* **Assignment**: What you give back must match the data exactly, minus the pictures.

* **Provided entries**:
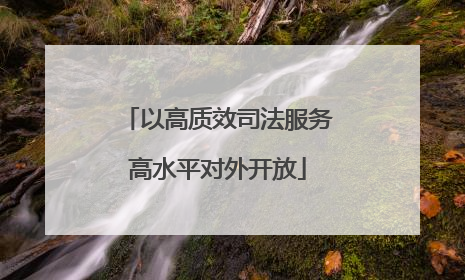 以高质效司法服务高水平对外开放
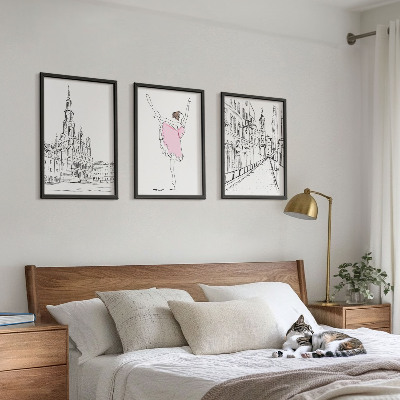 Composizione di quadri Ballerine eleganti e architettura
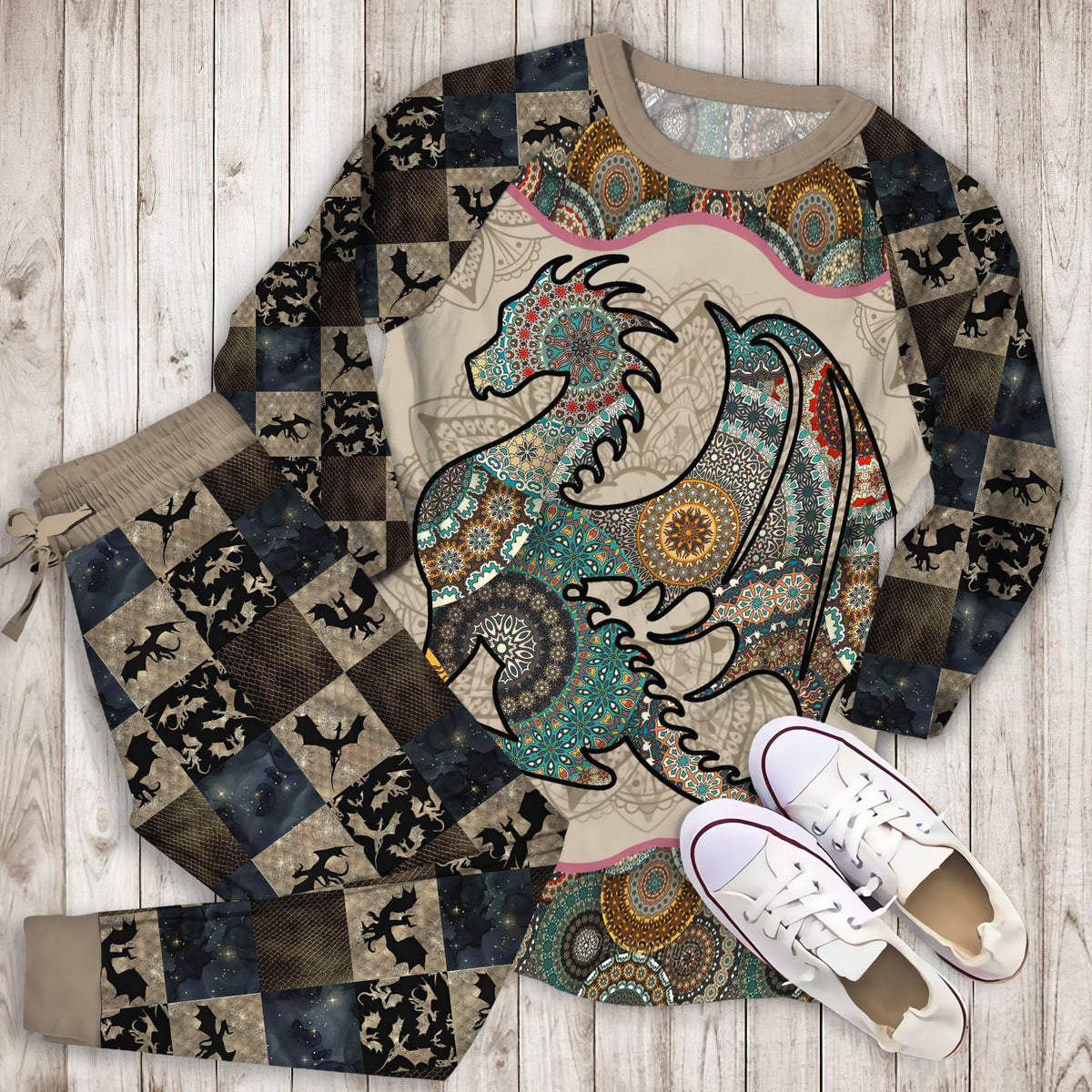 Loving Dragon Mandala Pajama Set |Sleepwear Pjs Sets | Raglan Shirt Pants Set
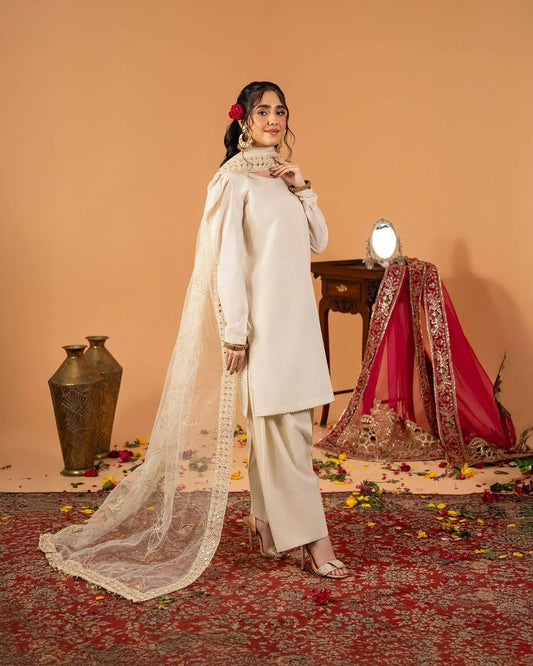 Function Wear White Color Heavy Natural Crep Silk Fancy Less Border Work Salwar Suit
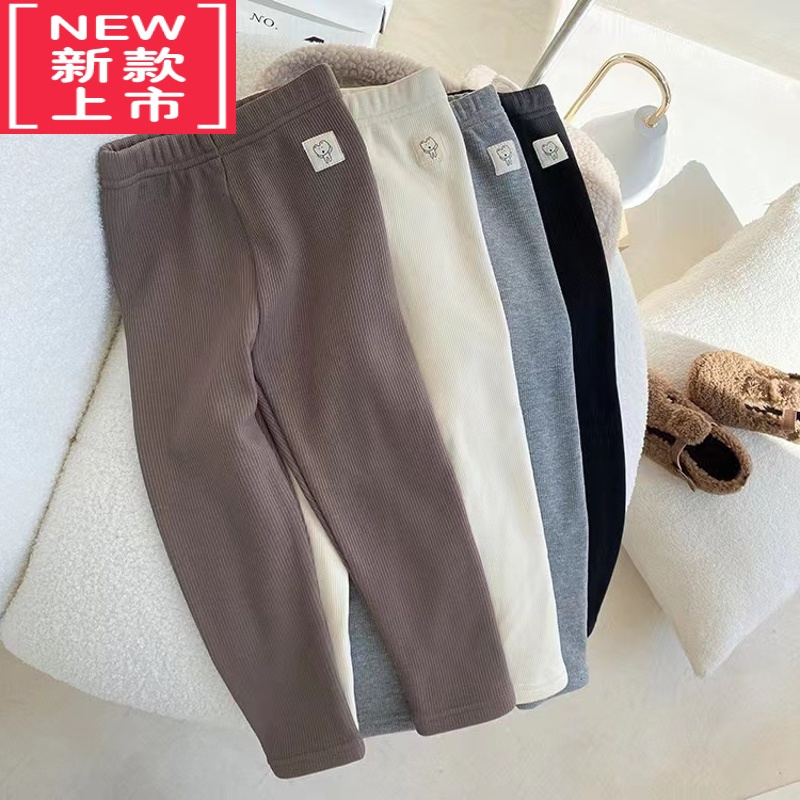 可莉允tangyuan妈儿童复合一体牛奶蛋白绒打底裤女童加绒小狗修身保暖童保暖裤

* **Reply to the task**:
 以高质效司法服务高水平对外开放
 Composizione di quadri Ballerine eleganti e architettura
 Loving Dragon Mandala Pajama Set |Sleepwear Pjs Sets | Raglan Shirt Pants Set
 Function Wear White Color Heavy Natural Crep Silk Fancy Less Border Work Salwar Suit
 可莉允tangyuan妈儿童复合一体牛奶蛋白绒打底裤女童加绒小狗修身保暖童保暖裤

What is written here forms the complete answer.